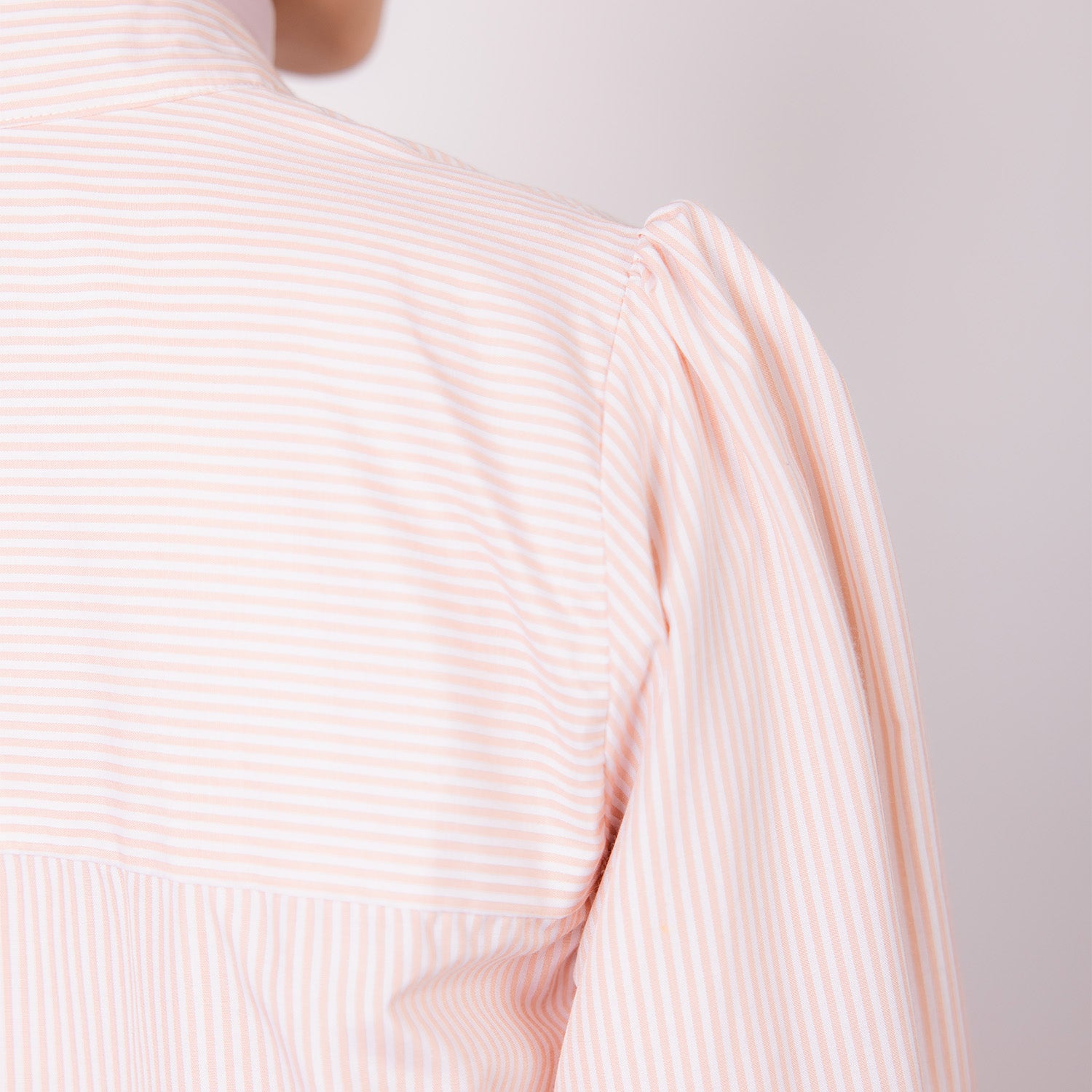 Marwa Blouse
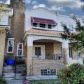 140 E Walnut Lane, Philadelphia, PA 19144 ID:15210047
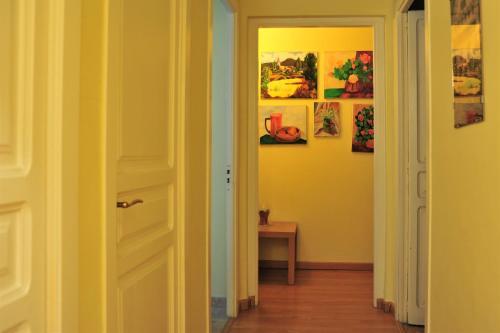 Hostal Bejar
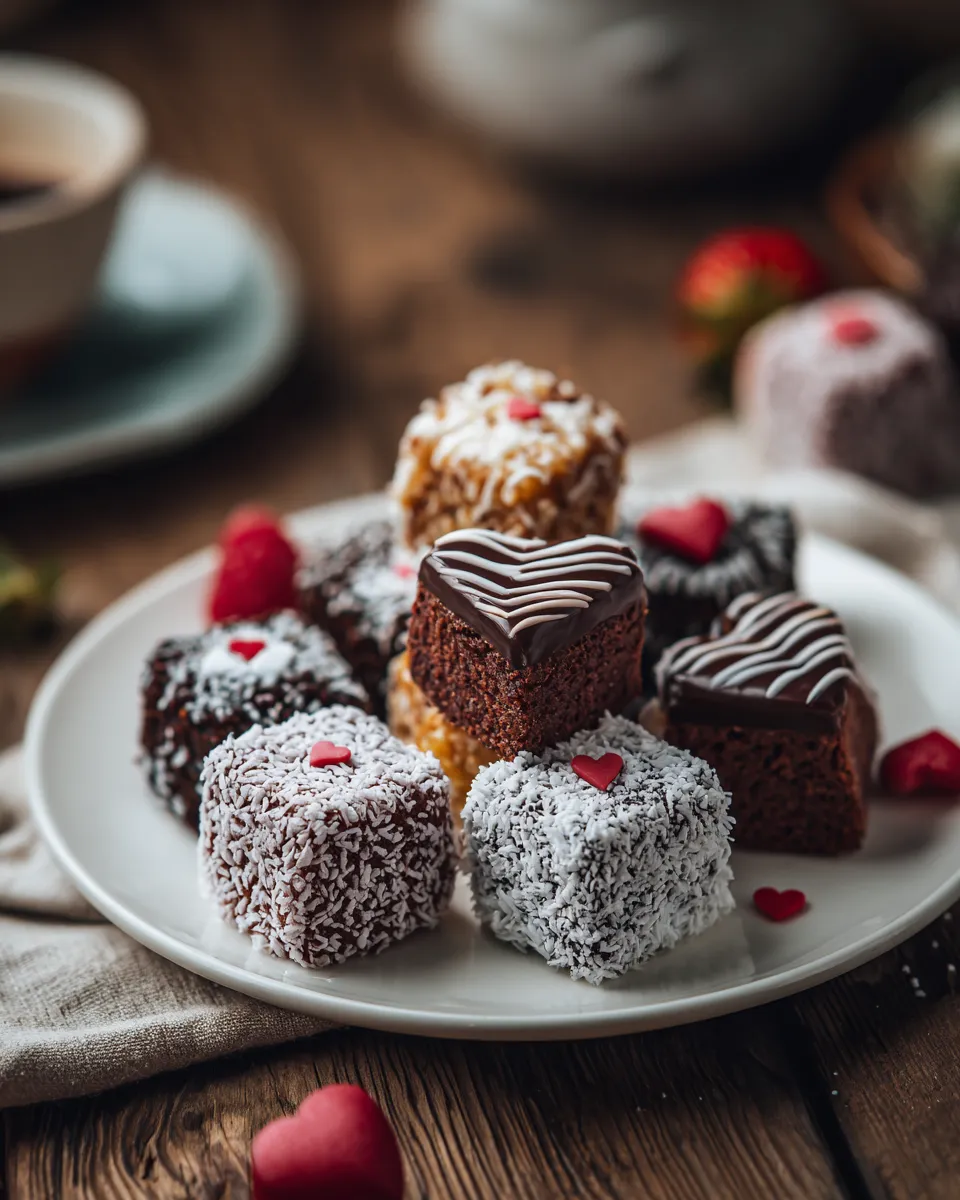 183 homemade valentine s day treats 2 6978fe3f8b1bc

## What you will do
Exact reproduction is required for the lines from the one containing "Hostal Bejar" through the end of the material, and for those lines only, without pictures.

## Task response
 Hostal Bejar
 183 homemade valentine s day treats 2 6978fe3f8b1bc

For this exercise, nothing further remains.